Why aren't the two the same? Surely the whole system is connected and therefore has the same $\omega$

Yes.
Edit:

by parallel axis theorem:

The parallel axis theorem is for finding the moment of inertia about a point as a centre of rotation. S is not that.

 

[bananabandana]

The book answer is correct.
The easiest way is to consider the door's motion as the sum of the linear motion of its mass centre and a rotation about that centre.
The linear motion leads to an angular momentum about S. The angular momentum about the mass centre can then be added to this.
Be careful with signs.

Yes.
Edit:

The parallel axis theorem is for finding the moment of inertia about a point as a centre of rotation.

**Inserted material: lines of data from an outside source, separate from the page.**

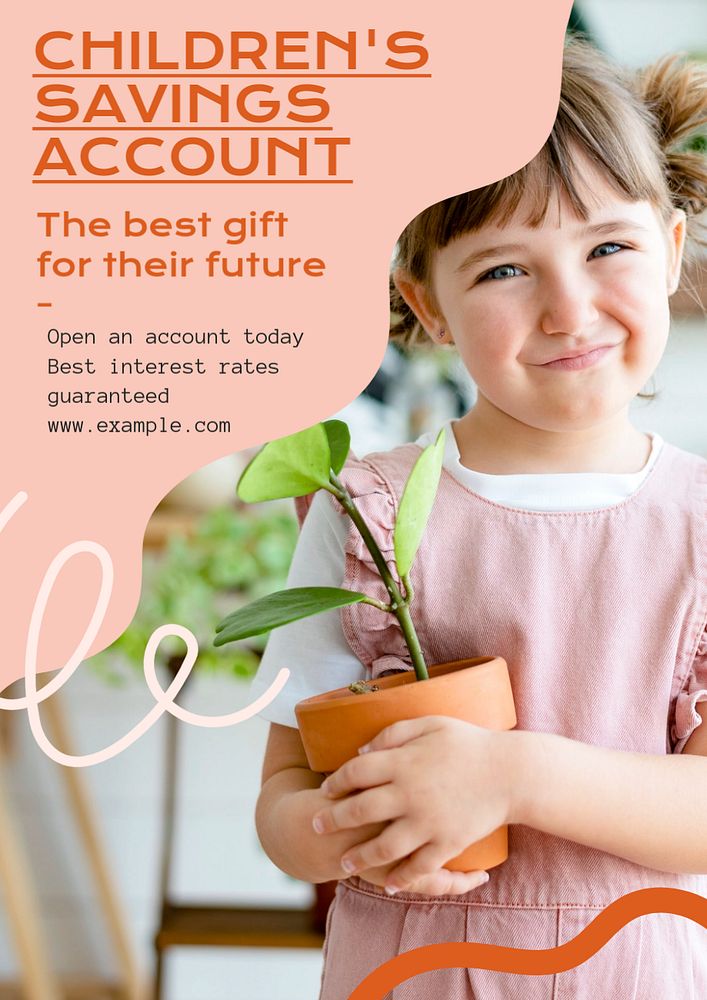 Kid's savings account  poster template, editable text & design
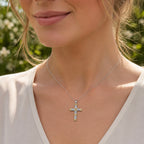 Sterling Silver 925 Cross Pendant Yellow Gold Plated CZ Necklace "Belle"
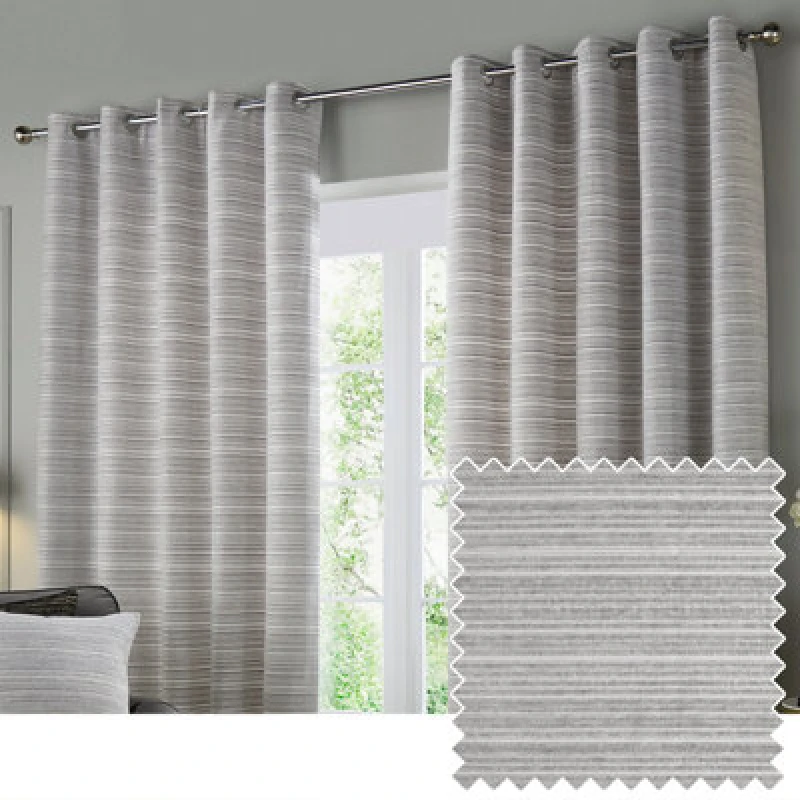 Image of Paoletti Paoletti Jupiter Chenille Jacquard Eyelet Curtain Pair in Silver Size: 168cm width x 137cm drop Silver 168cm width x 137cm drop Unisex 5025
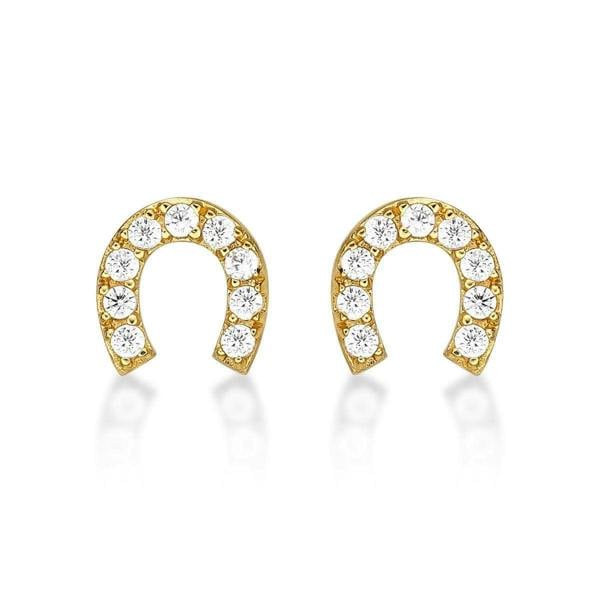 Gold Plated Horse Shoe Stud Earrings for Women - namana.london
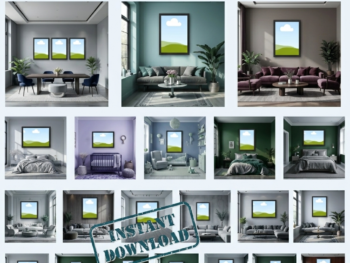 500 Canva Wall Art Frame Mockups Bundle – Editable Interior Mockups with PLR + MRR Resell Rights (Commercial Use Included)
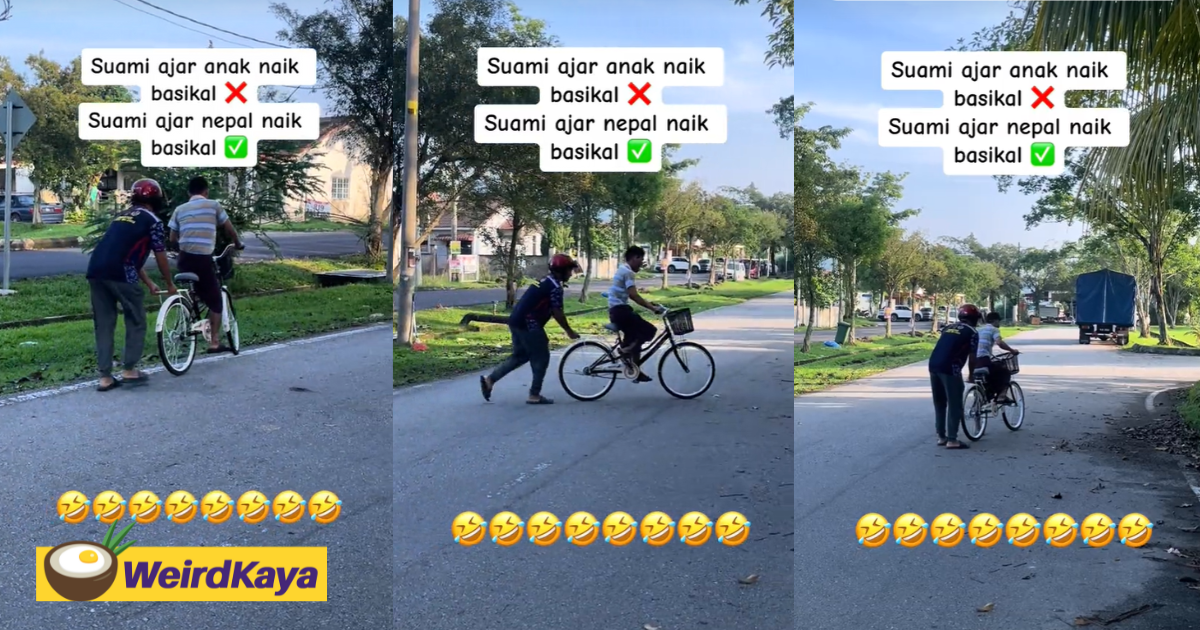 M'sian tries teaching nepali man how to ride a bicycle & it's way funnier than it looks | weirdkaya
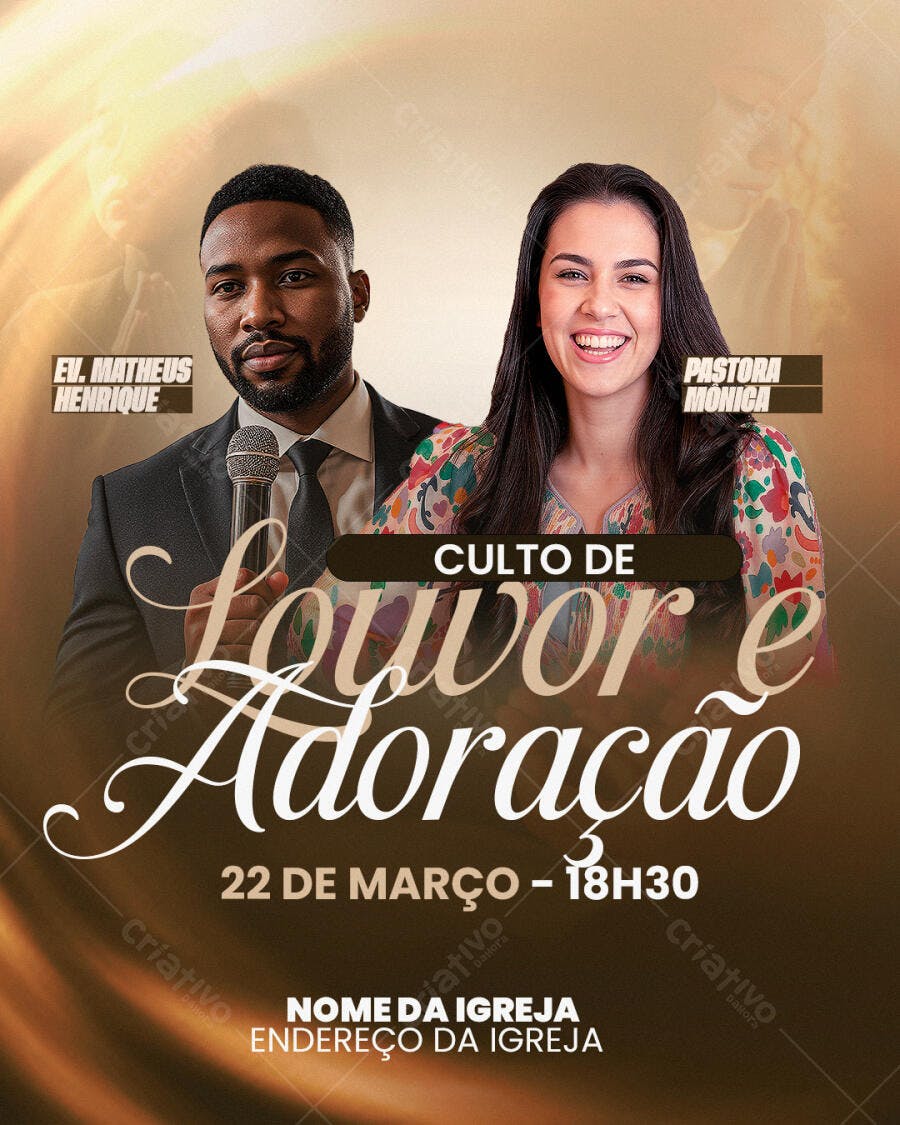 Flyer Culto de Louvor e Adoração Igreja PSD Editável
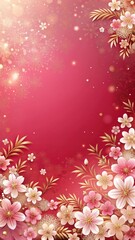 Soft pink and red gradient background with gold glitter accents and delicate white flowers with intricate details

S is not that.

Ah, of course. No, it's definitely not rotating about S. Thank you. Also realize now that the definition of the intertia tensor only involves motion about the centre of mass, so obviously it doesn't take the angular momentum relative to the origin at $S$ into account.

So then I get this- that the angular momentum about the centre of mass, $\mathbf{L^{*}}$ is given by:

$$ \mathbf{L^{*}} = I\omega \mathbf{\hat{z}} = -\frac{ML^{2}}{12}\mathbf{\hat{z}} $$

(It points down due to right hand rule)
The angular momentum of the centre of mass itself is then $\mathbf{L_{CM}}$:

$$ \mathbf{L_{CM}} = \mathbf{r_{CM}} \times \mathbf{p_{CM}} = M \ -\big(s-\frac{L}{2} \big) \mathbf{\hat{i}} \times -v_{CM} \mathbf{\hat{j}} = M\omega\big( s-\frac{L}{2}\big)\frac{L}{2} \mathbf{\hat{k}} $$
Where I've used the fact that the velocity of the centre of mass is the distance from the axis of rotation times the angular velocity $\mathbf{v_{CM}} = \omega\frac{L}{2}\mathbf{\hat{j}}$

So,yep:

$$ \mathbf{L} = \mathbf{L^{*}} + \mathbf{L_{CM}} = M\omega L\bigg( \frac{s}{2}-\frac{L}{3} \bigg)\mathbf{\hat{k}} $$Thanks!